Like many of Demme’s films, Ricki and the Flash has a fantastic soundtrack that works to reflect the story and its characters. The most striking thing about Ricki and the Flash is, in fact, its musical elements. Demme treats a lot of this film as one of his concert documentaries. In 101 minutes of runtime, there are ten songs performed by the titular band, many in full versions. With covers ranging from Lady Gaga to Tom Petty, and P!nk to Bruce Springsteen, and an exceptional original song (“Cold One”) written for the film by Jenny Lewis and Johnathan Rice, no one understands the symbiotic relationship between music and cinema quite like Demme does. In the hands of a different director, Ricki’s music might not be the focal point. But Demme, profoundly knowing that Ricki’s music is her focal point, gives this band of misfits playing at a local bar their moment to shine as if they are Fleetwood Mac selling out Madison Square Garden. In front of Demme’s dynamic lens, both are equally worthy.

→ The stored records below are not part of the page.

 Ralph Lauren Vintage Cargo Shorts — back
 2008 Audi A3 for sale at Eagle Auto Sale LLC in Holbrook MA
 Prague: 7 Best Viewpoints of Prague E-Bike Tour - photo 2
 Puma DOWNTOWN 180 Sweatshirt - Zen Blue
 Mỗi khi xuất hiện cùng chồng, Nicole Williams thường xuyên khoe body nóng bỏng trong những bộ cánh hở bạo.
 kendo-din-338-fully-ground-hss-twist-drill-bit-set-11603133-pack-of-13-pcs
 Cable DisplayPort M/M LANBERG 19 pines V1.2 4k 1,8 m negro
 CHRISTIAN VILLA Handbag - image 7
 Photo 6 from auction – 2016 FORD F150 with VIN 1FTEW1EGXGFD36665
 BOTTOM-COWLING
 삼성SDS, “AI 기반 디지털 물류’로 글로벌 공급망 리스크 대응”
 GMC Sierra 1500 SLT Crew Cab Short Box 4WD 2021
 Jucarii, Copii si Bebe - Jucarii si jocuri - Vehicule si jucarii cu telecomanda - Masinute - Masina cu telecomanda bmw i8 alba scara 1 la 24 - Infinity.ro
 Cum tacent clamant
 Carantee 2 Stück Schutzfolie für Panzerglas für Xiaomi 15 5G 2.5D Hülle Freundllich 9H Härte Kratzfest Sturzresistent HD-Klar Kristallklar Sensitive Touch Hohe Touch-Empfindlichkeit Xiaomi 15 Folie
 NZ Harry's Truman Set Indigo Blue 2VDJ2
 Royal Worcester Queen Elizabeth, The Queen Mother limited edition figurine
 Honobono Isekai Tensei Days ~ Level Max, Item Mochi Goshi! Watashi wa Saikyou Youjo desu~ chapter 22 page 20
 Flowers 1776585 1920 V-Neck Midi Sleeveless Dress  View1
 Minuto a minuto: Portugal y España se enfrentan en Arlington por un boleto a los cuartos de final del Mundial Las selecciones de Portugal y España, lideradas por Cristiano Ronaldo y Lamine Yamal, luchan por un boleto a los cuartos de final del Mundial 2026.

And, of course, in the hands of a different actor, this might not have even been possible, as a lack of vocal ability can sometimes be limiting. But duh, Meryl Streep can sing her butt off, so I’m glad that Demme let her do exactly that. She also learned to play the guitar for this role (from Neil Young, no less!), just as she learned the violin for Music of the Heart, Polish for Sophie’s Choice, and white-water rafting for The River Wild, leaving absolutely no talent for the rest of us.
Ricki is a complicated woman of many delusions, few boundaries, and excess hubris. Still, Streep, no stranger to playing difficult moms, expertly keeps her from veering into caricature territory by always committing to and giving us small glimpses of her humanity. I would go as far as to say that this is one of my favourite modern-day Streep performances. Quite frankly, the whole cast is irresistible – Gummer more than holds her own against real-life mom Streep, while Kline and Springfield are both restrained and charming. McDonald, unfortunately, isn’t given much to do, but she makes her few scenes memorable ones.
This is all to Demme’s credit, too. Known for loving actors, he continuously got the best out of them. Juxtaposed with the frenetic music scenes are small moments, the ones that Demme was always so adept at capturing: a glance loaded with chemistry from Greg to Ricki, or one loaded with baggage from Julie to everyone; Pete ordering food for the table, unbothered by the rest of his family arguing; Ricki alone when she’s no longer a persona, crying in the bathroom about her shortcomings after words with Maureen or in her apartment making dinner; Julie quietly enjoying the familiar comfort of having both her parents in the same room for the first time in years.
Putting so much of what he loved about storytelling into his last narrative film, Demme undoubtedly went out on his own terms, much like he did everything else. A movie about redemption itself, I think it is high time that we redeem Ricki and the Flash as an essential work in Jonathan’s Demme’s remarkable oeuvre.